DC : Pouvez-vous vous présenter ?

Olivier Parent Prospectiviste
Olivier Parent Prospectiviste

OLIVIER PARENT : je suis prospectiviste. Pour être plus précis, je me revendique d’une double culture artistique et scientifique. En 2006, j’ai fondé FuturHebdo.com, le magazine de nos futurs immédiats, un site de vulgarisation de la prospective. J’ai récidivé en 2015, en créant le Comptoir Prospectiviste.fr, un bureau d'études en prospective stratégique, futur des organisations et sociologie des nouveaux usages. Tous ces éléments ont contribué à la création des Mondes Anticipés, le festival nomade de prospective et d'anticipation qui, au gré de son tour de France, valorise l’innovation et les bonnes pratiques dans les territoires.

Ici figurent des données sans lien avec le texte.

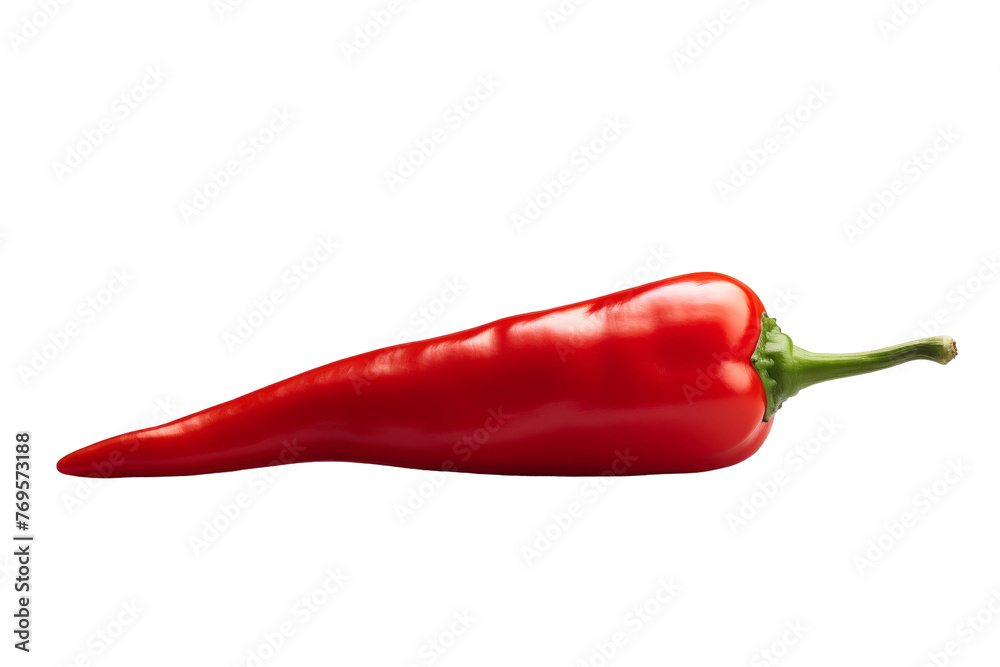 The Fiery Red Pepper Dances on a Blank Canvas. On a White or Clear Surface PNG Transparent Background. The Fiery Red Pepper Dances on a Blank Canvas. On a White or Clear Surface PNG Transparent Background.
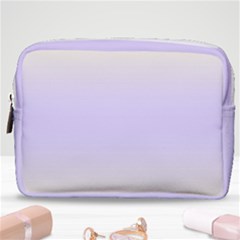 Cream Yellow To Pale Violet Bilinear Gradient Make Up Pouch (medium) by GradientsOmbre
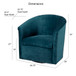 Eden - Swivel Chair With Upholstery And Hardwood Frame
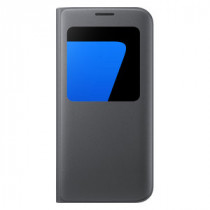 SAMSUNG S-View Noir pour Samsung Galaxy S7 Edge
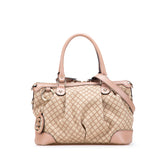 Diamante Canvas Sukey Satchel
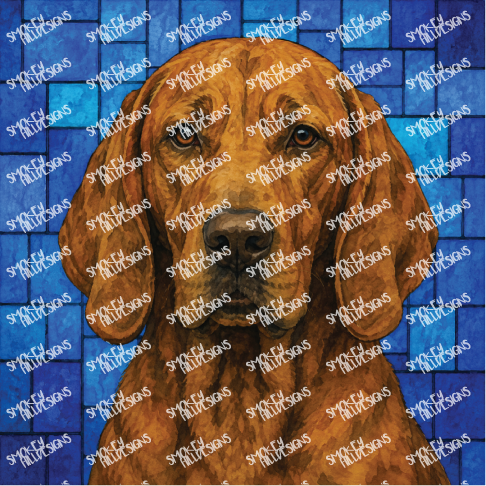 PatternPly® Full Coverage Dog Breed Series Volume 5 Dog Portraits in Watercolor 32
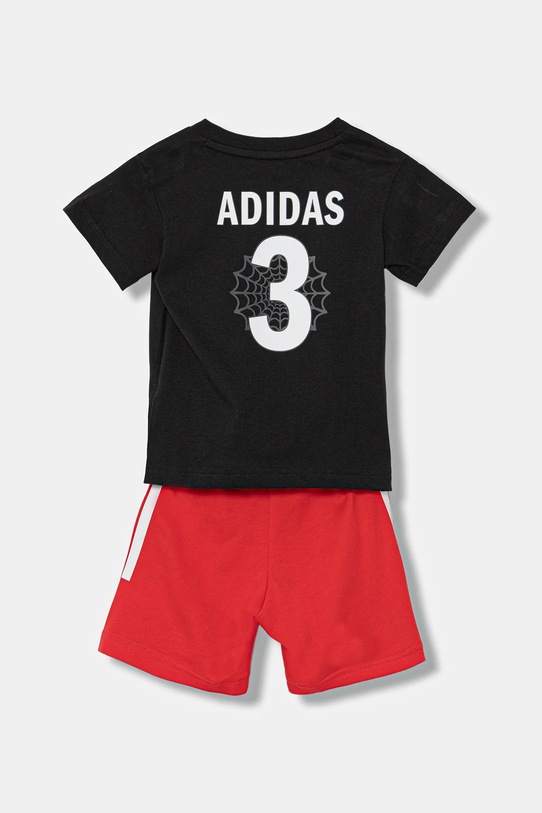 Otroški bombažen komplet adidas Marvel JW9968 rdeča AW25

En tant que conférencier et consultant expert, j’interviens en université et dans d'autres établissements d’enseignement supérieur, auprès d’institutions et d’associations dans médias radio et presse.
 
Tous ces lieux, toutes ces actions pour rappeler que « Nul n’est censé ignorer le futur » !!!


DC : Pouvez-vous nous parler du Festival des Mondes Anticipés.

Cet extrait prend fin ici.